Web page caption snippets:

◆ ◆ ◆ ◆ ◆ ◆ ◆

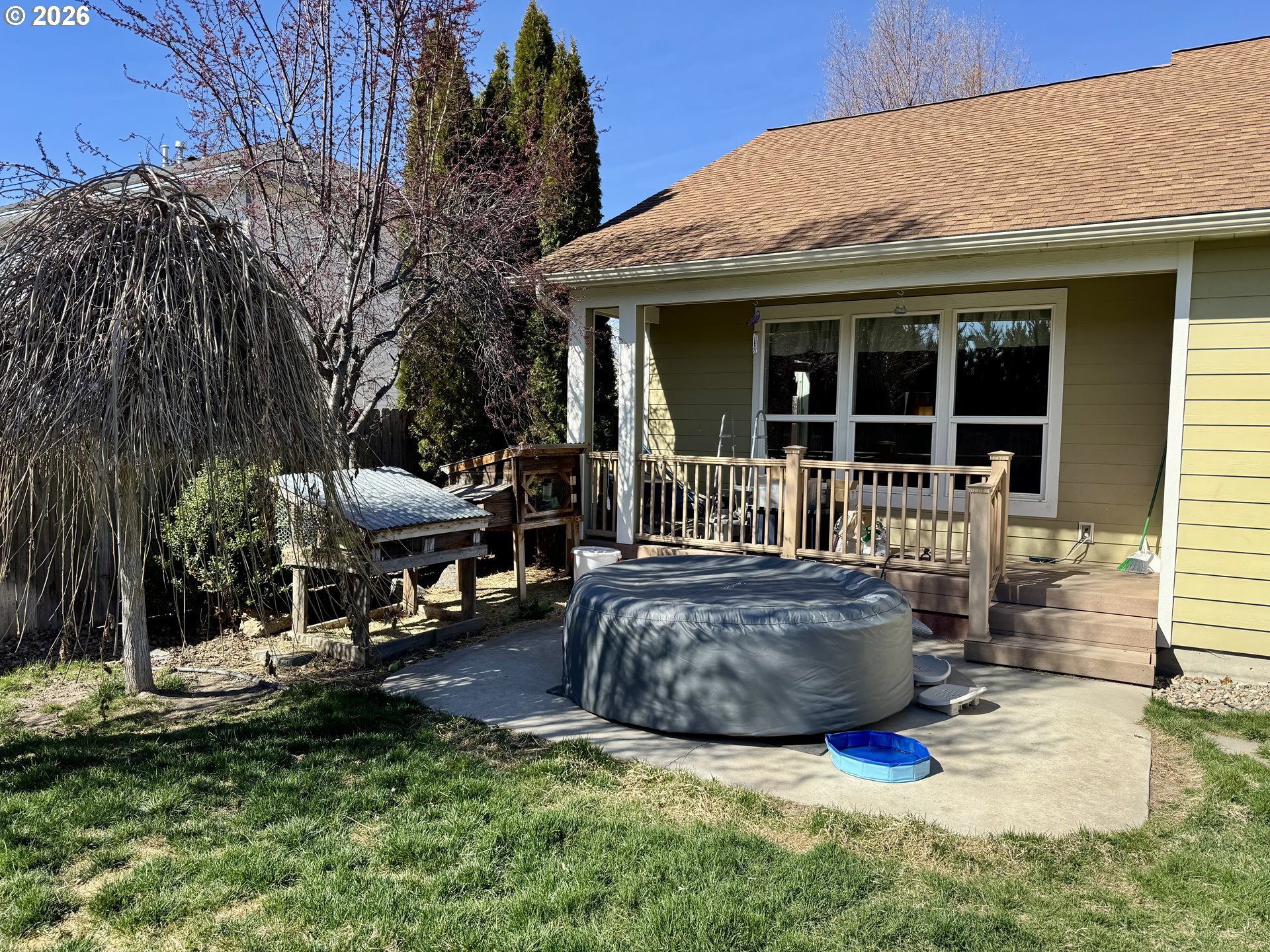 1105 G Street Baker City, OR 97814 - Photo 25 of 33 a view of a house with backyard and sitting area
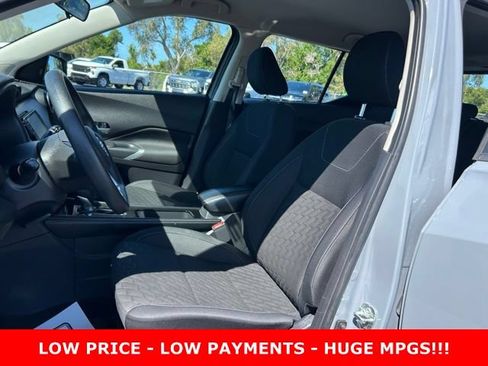 Used 2023 Nissan Kicks SV FWD image 14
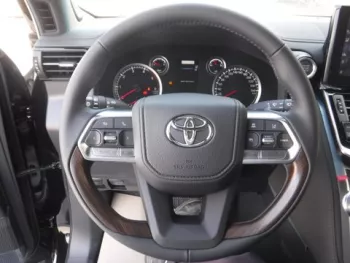 LHD - TOYOTA LANDCRUISER 300 3.3L DIESEL GXR AUTO - WITH RADAR - JBL 14 SPEAKERS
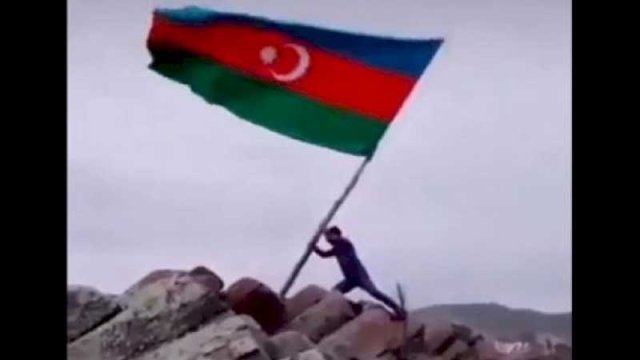Tehrana etiraz olaraq İrandakı dağa Azərbaycan bayrağı sancıldı - VİDEO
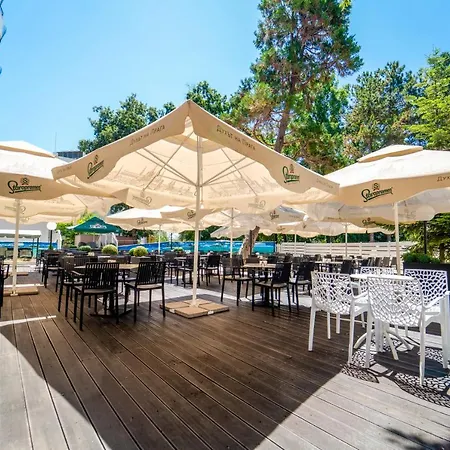 Ξενοδοχείο Prestige Deluxe Aquapark Club 4*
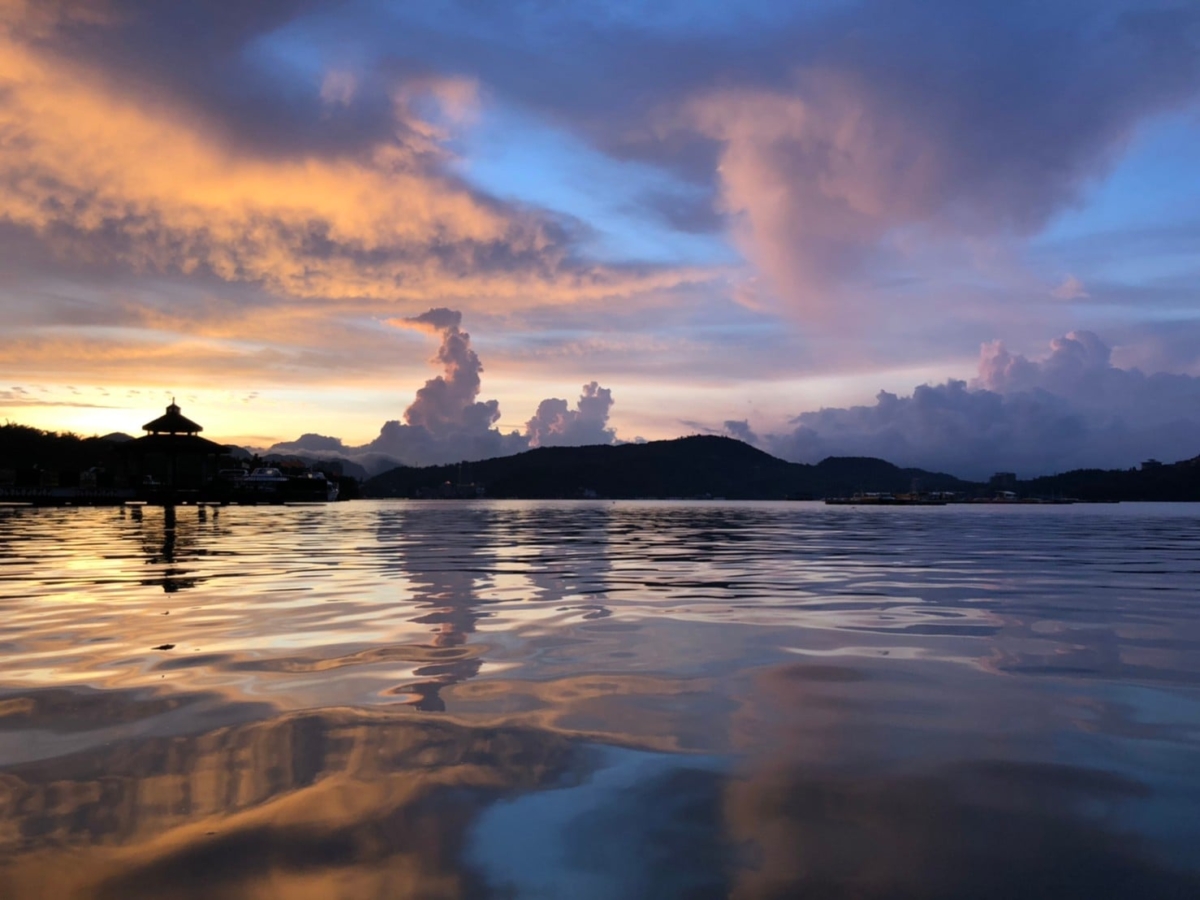 晶澤會館可以欣賞到日月潭日昇月落的美景。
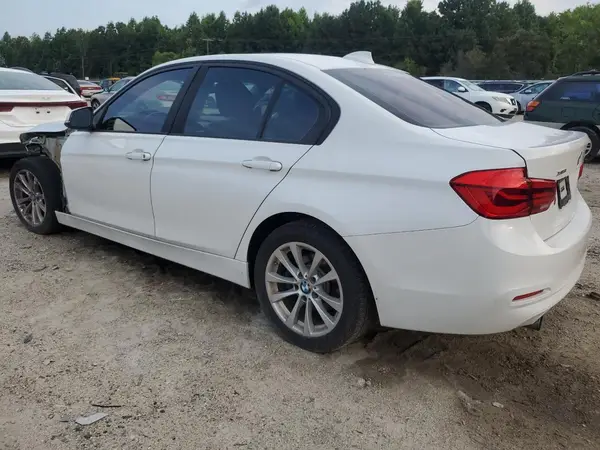 WBA8E5G57JNU47851 2018 BMW 3ER - Image 2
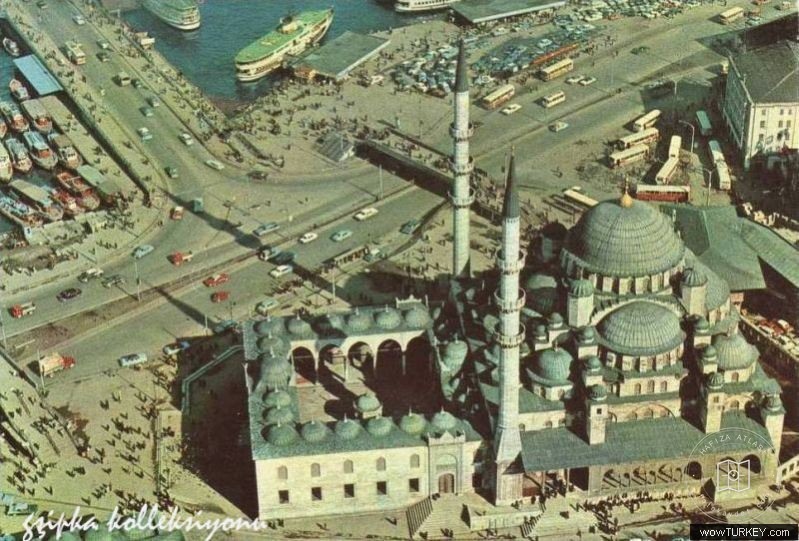New Mosque and Eminonu Postcarded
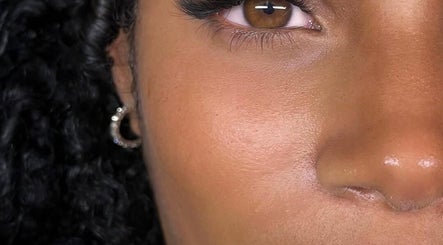 Zoom sur des cils longs et soyeux à Belair Regard, Montréal, Québec, CA, révélant un soin des yeux expert.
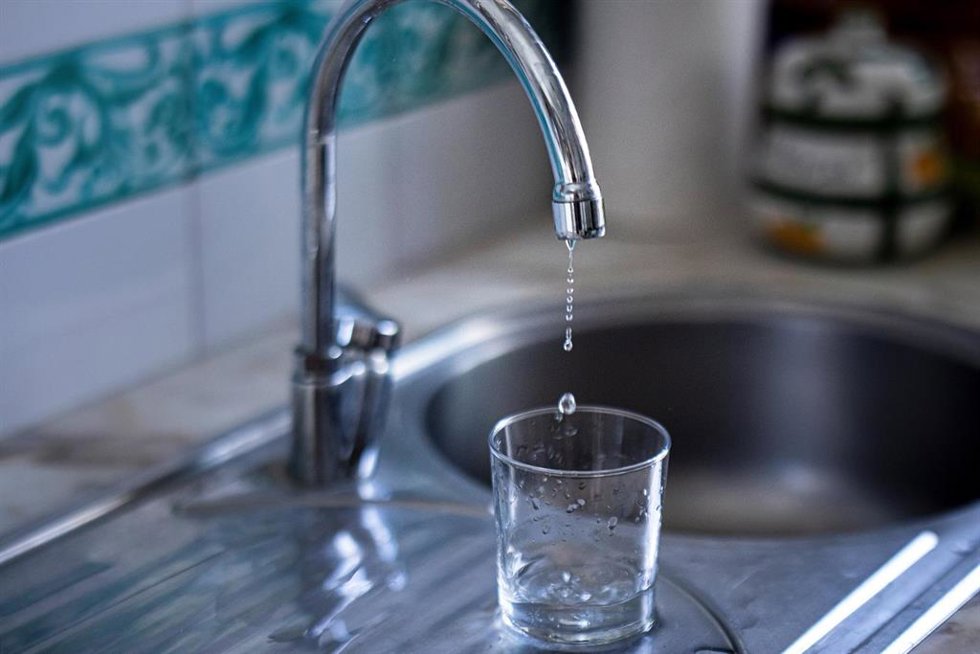 Archivo - Imagen de recurso de un grifo de agua de uso doméstico goteando. 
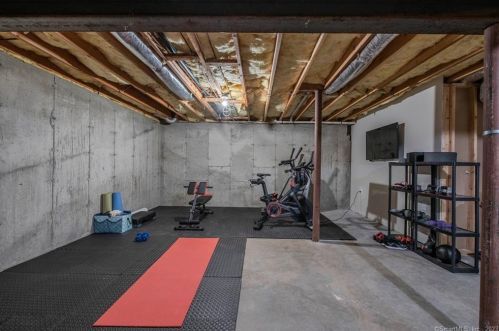 2 Wheatfield Dr, Wallingford CT  06492-5453 exterior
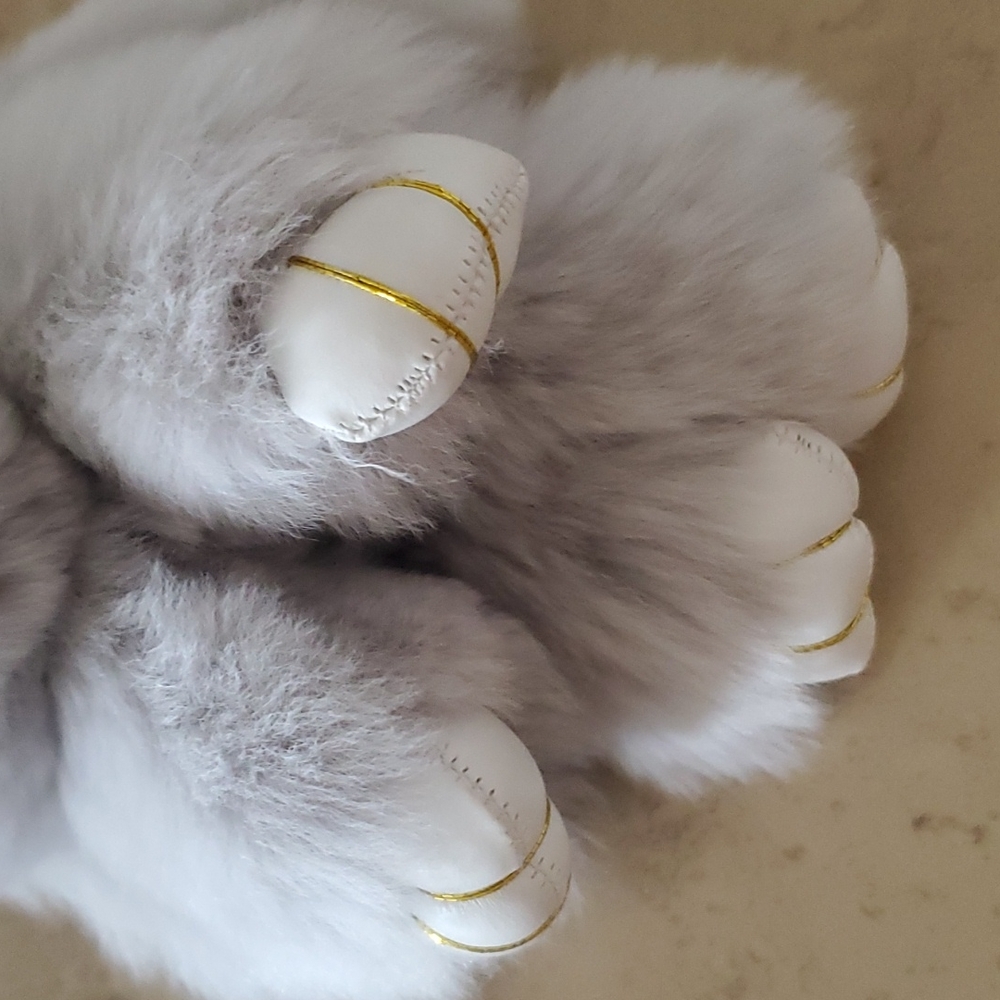 Silver Grey Rabbit Fur Keychain nwot - Picture 4 of 6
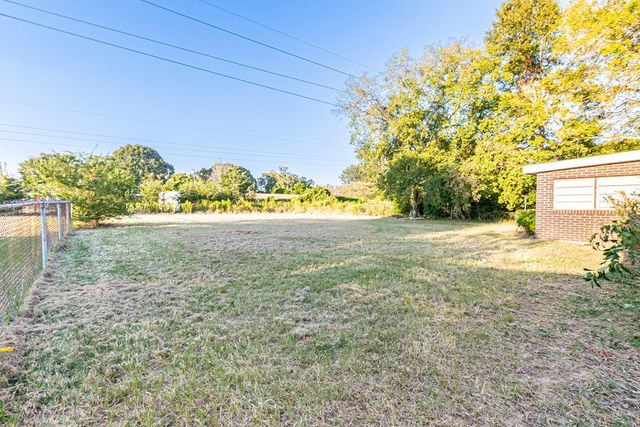 207 Plaza Dr., Daleville, AL 36322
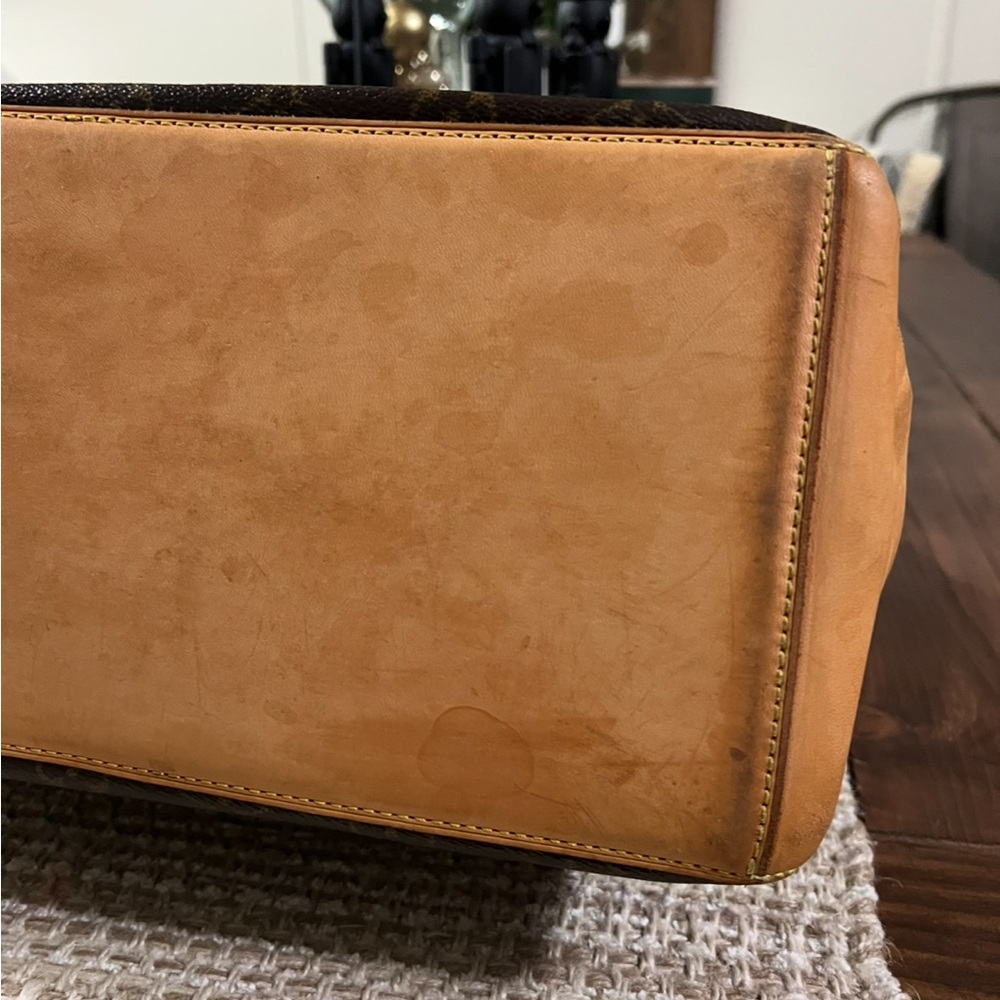 Louis Vuitton Cabas Mezzo - Picture 3 of 9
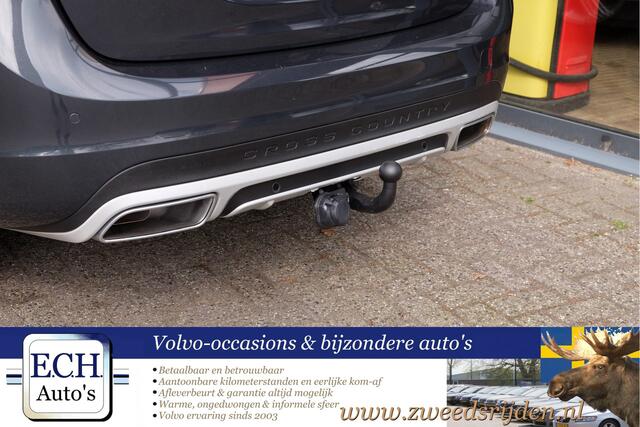 Volvo V60 CROSS COUNTRY D3 150 pk Aut. Polar+, Navi, Cognac Leer, Bluetooth, Stuurwielverwarming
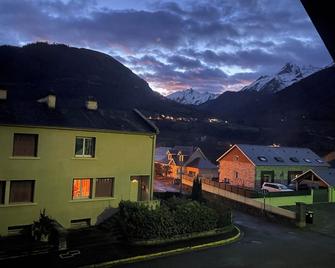 Appartement Cocoon avec jardin et vue montagne - Laruns - Bâtiment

◆ ◆ ◆ ◆ ◆ ◆ ◆

## Prompt
All that should be returned is the run of lines from the start of the entries above to the line bearing "Archivo - Imagen", each exact, with pictures omitted.

## Problem solution
 1105 G Street Baker City, OR 97814 - Photo 25 of 33 a view of a house with backyard and sitting area
 Used 2023 Nissan Kicks SV FWD image 14
 LHD - TOYOTA LANDCRUISER 300 3.3L DIESEL GXR AUTO - WITH RADAR - JBL 14 SPEAKERS
Tehrana etiraz olaraq İrandakı dağa Azərbaycan bayrağı sancıldı - VİDEO
 Ξενοδοχείο Prestige Deluxe Aquapark Club 4*
 晶澤會館可以欣賞到日月潭日昇月落的美景。
 WBA8E5G57JNU47851 2018 BMW 3ER - Image 2
New Mosque and Eminonu Postcarded
 Zoom sur des cils longs et soyeux à Belair Regard, Montréal, Québec, CA, révélant un soin des yeux expert.
 Archivo - Imagen de recurso de un grifo de agua de uso doméstico goteando. 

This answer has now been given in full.